[[ Data section, beginning ]]

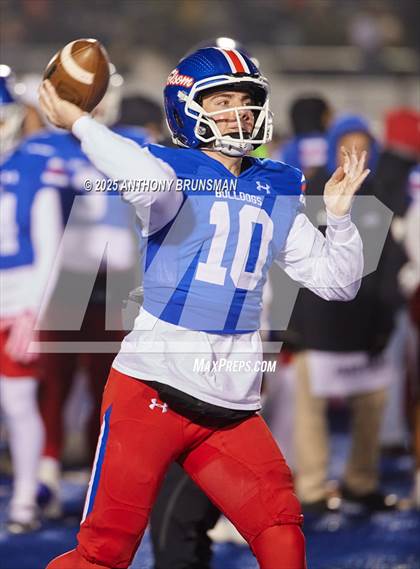 Thumbnail 2 in Archbishop Riordan @ Folsom (CIF NorCal Regional Division 1-AA Final) photogallery.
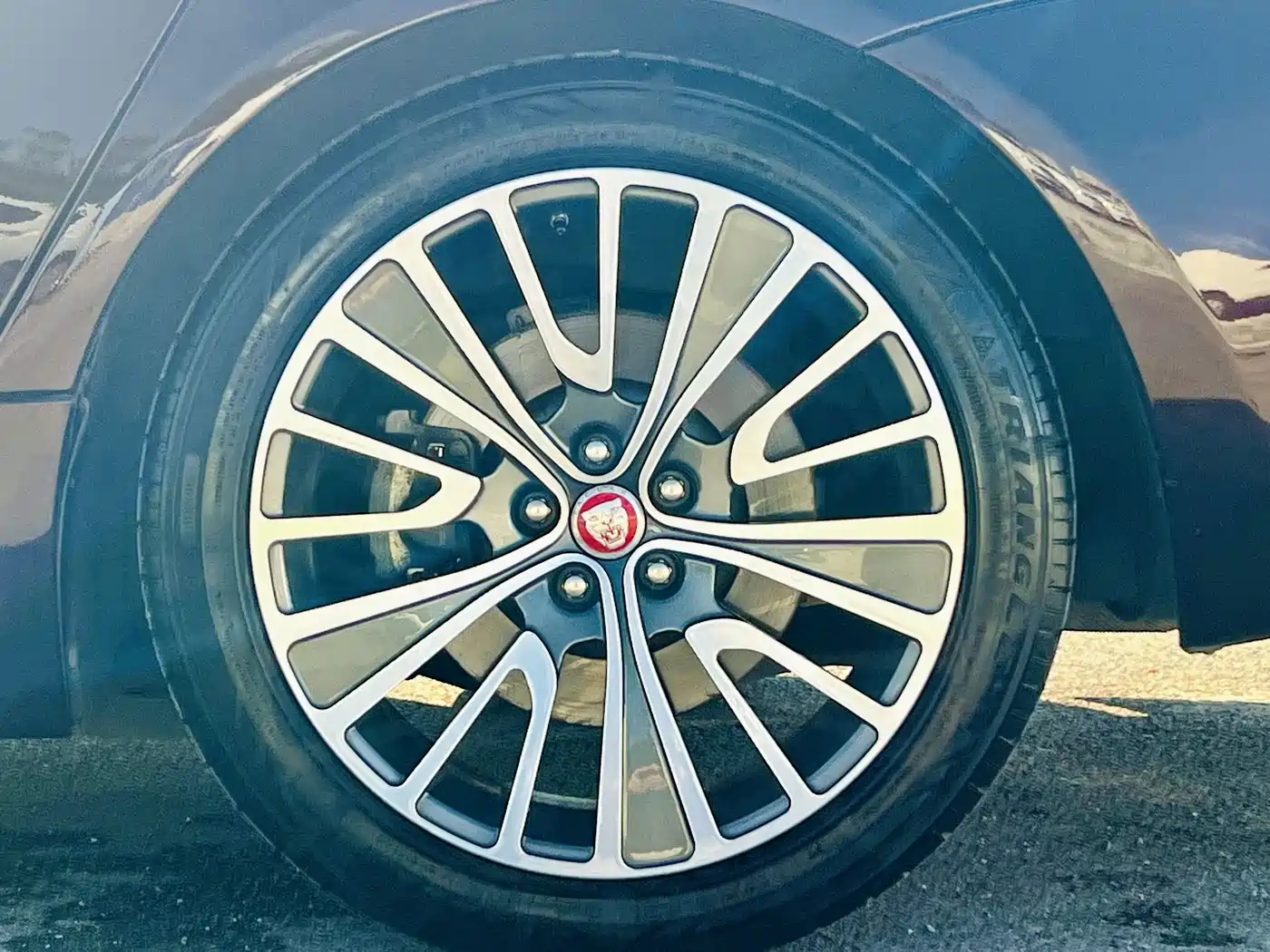 Jaguar XJ 2018 2018 XJL 3.0 SC 2WD Elegant Business Edition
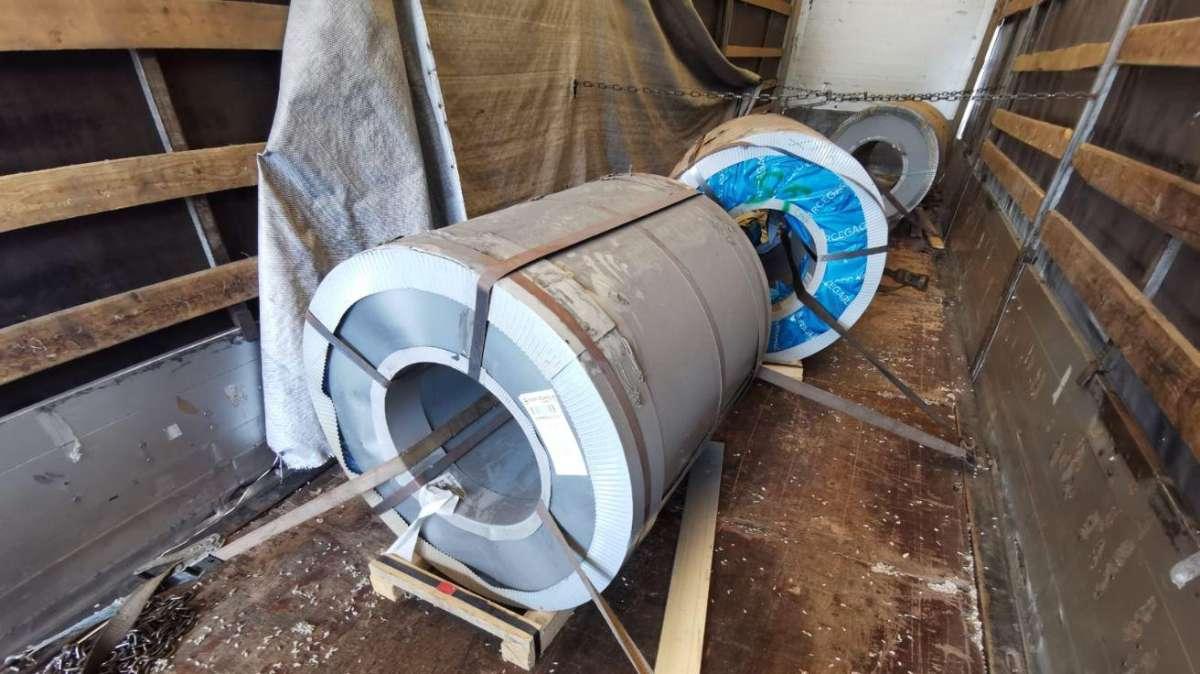 Si è rischiato il peggio a Magione! Caduta in strada una bobina d'acciaio di 74 quintali!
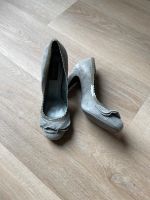 Pumps grau, 35, kleine 36 Hochtzeit festlich Nordrhein-Westfalen - Pulheim Vorschau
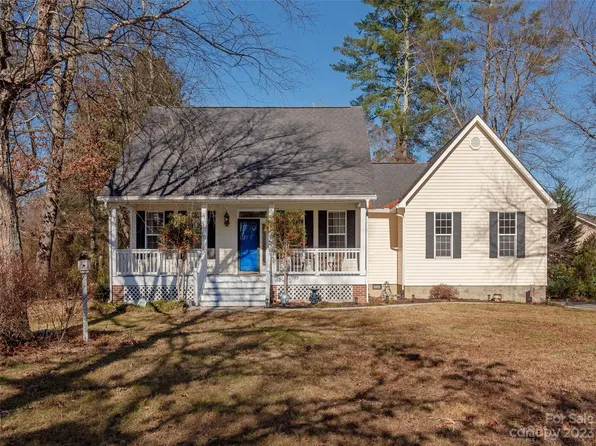 24 Brandy Branch Ct, Mills River, NC 28759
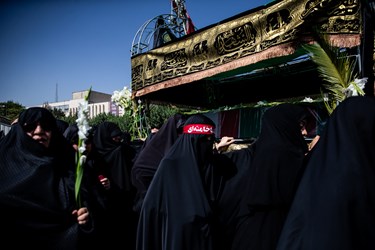  مراسم تشییع و خاکسپاری شهید گمنام در خانه مداحان تهران 
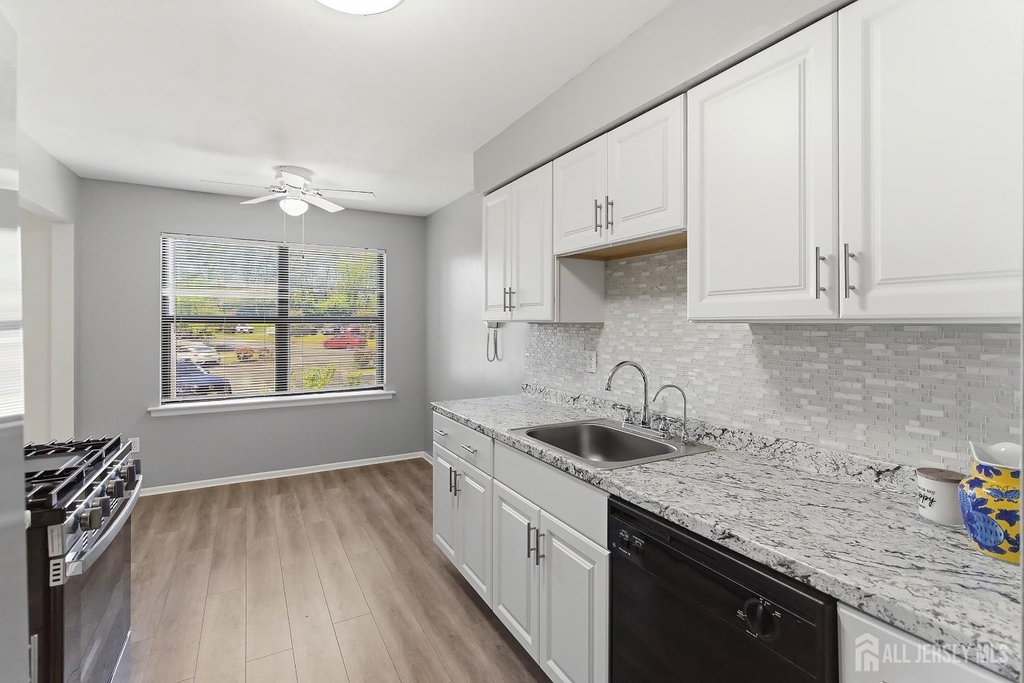 324 Sharon Garden Court - Photo 11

[[ Data section, end ]]

All of the data above must be printed exactly, minus its pictures.

 Thumbnail 2 in Archbishop Riordan @ Folsom (CIF NorCal Regional Division 1-AA Final) photogallery.
 Jaguar XJ 2018 2018 XJL 3.0 SC 2WD Elegant Business Edition
 Si è rischiato il peggio a Magione! Caduta in strada una bobina d'acciaio di 74 quintali!
 Pumps grau, 35, kleine 36 Hochtzeit festlich Nordrhein-Westfalen - Pulheim Vorschau
 24 Brandy Branch Ct, Mills River, NC 28759
  مراسم تشییع و خاکسپاری شهید گمنام در خانه مداحان تهران 
 324 Sharon Garden Court - Photo 11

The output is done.